Wout Weghorst: i primi calci (da professionista) a 19 anni
Questa ambizione era direttamente proporzionale alla sua età: a 19 anni era ancora tra i dilettanti, si allenava comunque 7 giorni su 7, senza essere interessato alle feste nel weekend: “Giocavo nel campionato distrettuale, ma vivevo come un professionista”.
Il suo esordio in Eredivisie arrivò a 22 anni, con l’Heracles Almelo, dopo due anni disputati in seconda serie olandese con l’Emmen.
Poi il passaggio nell’AZ Alkmaar, dove segnò 35 reti, guizzo degno di nota per il Wolfsburg: i tedeschi decisero infatti di acquistare il gigante olandese (197 cm) per 10,5 milioni. Il suo passatempo preferito diventò ribaltare le previsioni: in pochi credevano in lui, ma con la sua fisicità e la freddezza sotto porta si è invece rilevato una delle punte più decisive per il Wolfsburg, confermandosi per 3 anni di fila tra i migliori marcatori del campionato tedesco, appena dietro a Lewandovski, Werner e Sancho.
Risolutivo, conclusivo, ma talvolta anche poco preciso.
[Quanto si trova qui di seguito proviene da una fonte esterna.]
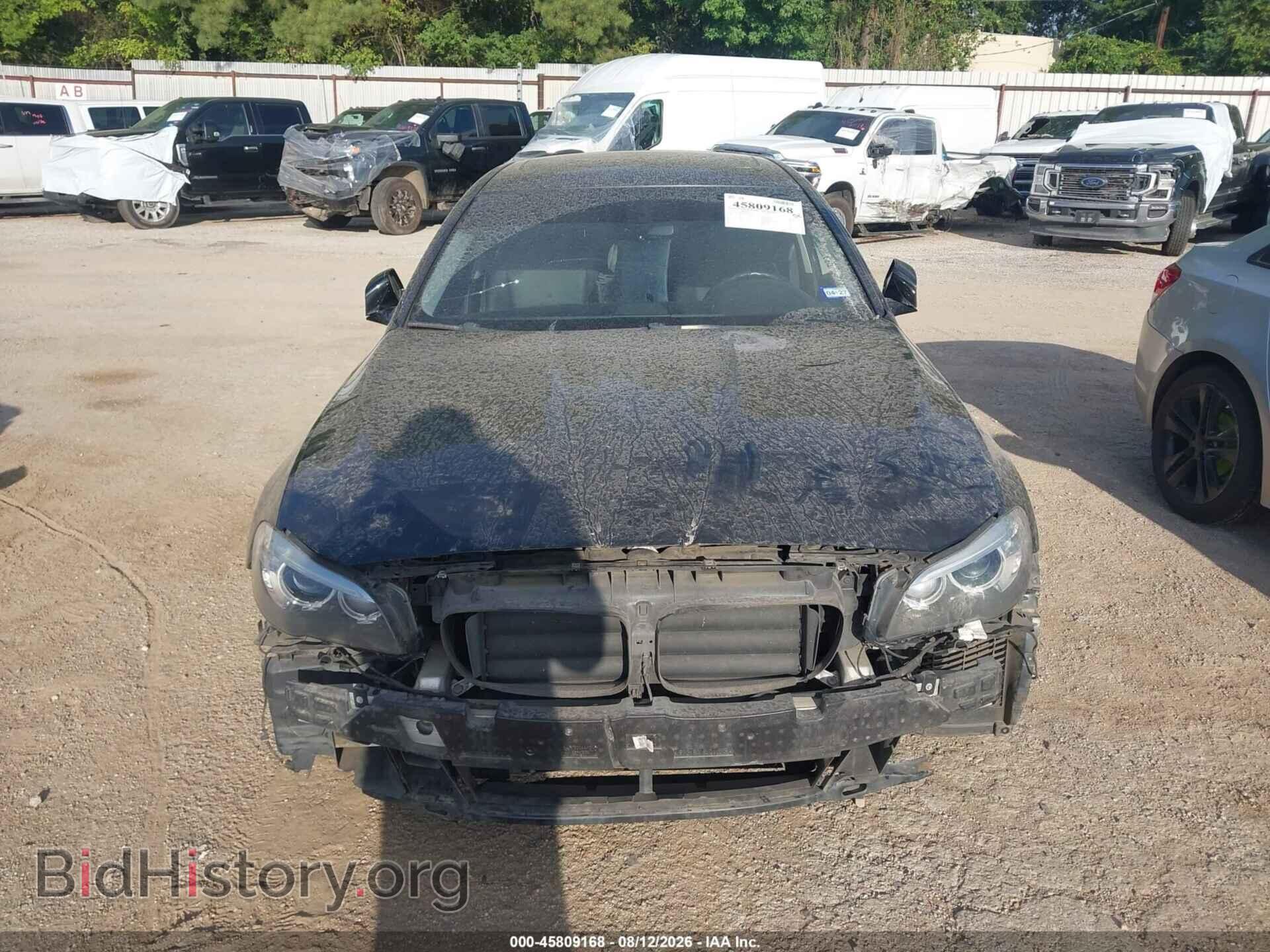2016 BMW 528I - VIN: WBA5A5C50GG347186 - Photo 13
Impossibile dimenticarsi quei due scivoloni dal dischetto, in Europa League contro lo Shakhtar e stessa scena ripetutasi in coppa di Germania contro il Lipsia, sinonimo di grande personalità ma anche di poca meticolosità.
La casa di riposo
Weghorst ama essere semplicemente Wout e l’ha dimostrato nei gesti più semplici. Come quando frequentava quotidianamente le case di riposo in Olanda per prendersi cura degli anziani rimasti soli. Pensava fosse bruttissimo vivere gli ultimi anni di una vita senza parenti, così conobbe un gruppo ai quali era noto per la sua professione, parlava di calcio e legò con un signore, un 83enne, per il quale diventò un punto di riferimento per quasi un anno.
Ogni giorno l’anziano chiedeva di lui e Wout lo accompagnava all’aria aperta spingendolo sulla sedia a rotelle, donandogli tanto amore ma ricevendone altrettanto. Quando venne a mancare fu davvero dura per WW, che mai si era sentito così importante per qualcuno in una situazione davvero speciale. Il suo sogno resta quello di giocare in Premier League: lassù qualcuno tiferà per lui.